今まさに水が落ちているときは、次の順番で動くと落ち着いて対処しやすいです。

  1. エアコンの運転を停止する
  2. コンセントを抜けるなら抜く
  3. 床にタオルや洗面器を置いて水を受ける
  4. 家具や家電を離す
  5. フィルターとドレンホースの先端を確認する

脚立を使う場合は無理をしないでください。水で床が滑りやすいこともあるので、安全第一で動きましょう。

自分で対処してよい範囲と、業者に頼むべきケース

自分で対応しやすいのは、フィルター掃除、ドレンホース先端の見えるゴミ取り、設定温度や風向きの見直しまでです。ここを試しても改善しない場合は、内部のドレンパン詰まり、送風ファンの汚れ、配管の不具合、設置不良などが疑われます。

こんなときは早めに点検を

  • 何度拭いてもすぐ水漏れする
  • 暖房以外で毎回ポタポタ落ちる
  • 異音や異臭もある
  • エアコンの下だけでなく壁の中まで濡れている
  • 購入から長年たっている

内部の分解が必要な作業は、感電や破損のリスクがあります。市販の洗浄スプレーを奥まで大量に使うと、かえって汚れが固まったり水漏れが悪化したりすることもあるので注意したいですね。

水漏れを防ぐための日常メンテナンス

予防の基本は、汚れをためないことです。2週間から1か月に1回を目安にフィルターを確認し、ホコリが目立ってきたら掃除します。冷房シーズンの前後には、ドレンホースの出口がふさがっていないかも見ておくと安心です。

  • フィルター掃除を習慣にする
  • 室外のドレンホース先端を塞がない
  • 冷房後に送風運転で内部を乾かす
  • 長期間使わない前後に試運転する

特に送風運転は見落とされがちですが、内部の湿気を減らせるので、カビ対策にも役立ちますよ。

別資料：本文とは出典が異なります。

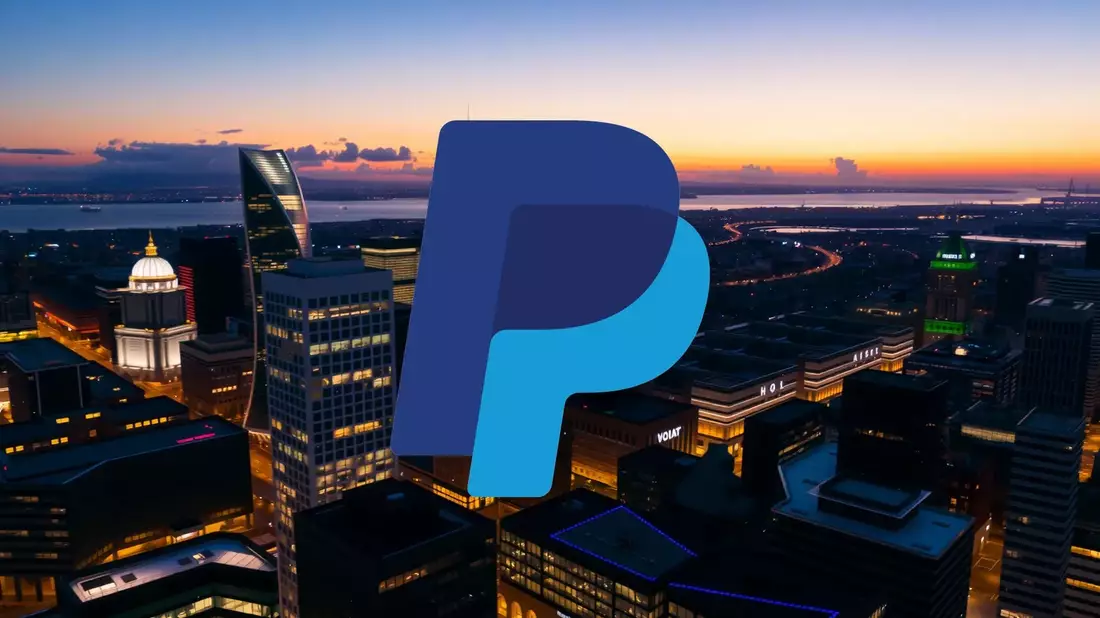 Leadership Transition Adds to PayPal’s Mounting Challenges Illustration mit AI erstellt übermittelt durch boerse-global.de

ちょっと役立つ豆知識 水漏れとカビはつながりやすいです

エアコンの水漏れがあったとき、単に床が濡れるだけと思いがちですが、実は壁紙の裏やカーテン、窓まわりに湿気が残るとカビが広がりやすくなります。水漏れを拭いたあとは、床だけでなく周囲もしっかり乾かすのがコツです。サーキュレーターや換気を使うと乾きやすいですよ。

知っておくと安心な裏技 試運転で早めに異変を見つける

本格的に暑くなる前に、冷房を10〜15分ほど試運転しておくと、水漏れやニオイ、風量低下に早く気づけます。真夏に急いで使い始めてから不具合に気づくと、修理や点検の依頼が混みやすいので、少し早めの確認が意外と大切です。

まとめ

エアコンの水漏れ・ポタポタの原因は、ドレンホースの詰まり、フィルターや内部の汚れ、本体の傾き、結露の増えすぎが中心です。まずは運転を止めて安全を確保し、フィルターとドレンホース先端を確認しましょう。簡単な掃除や設定の見直しで改善することもありますが、直らない場合は無理せず点検を依頼するのが安心です。早めに対処すれば、大きな故障やお部屋の傷みを防ぎやすいですよ。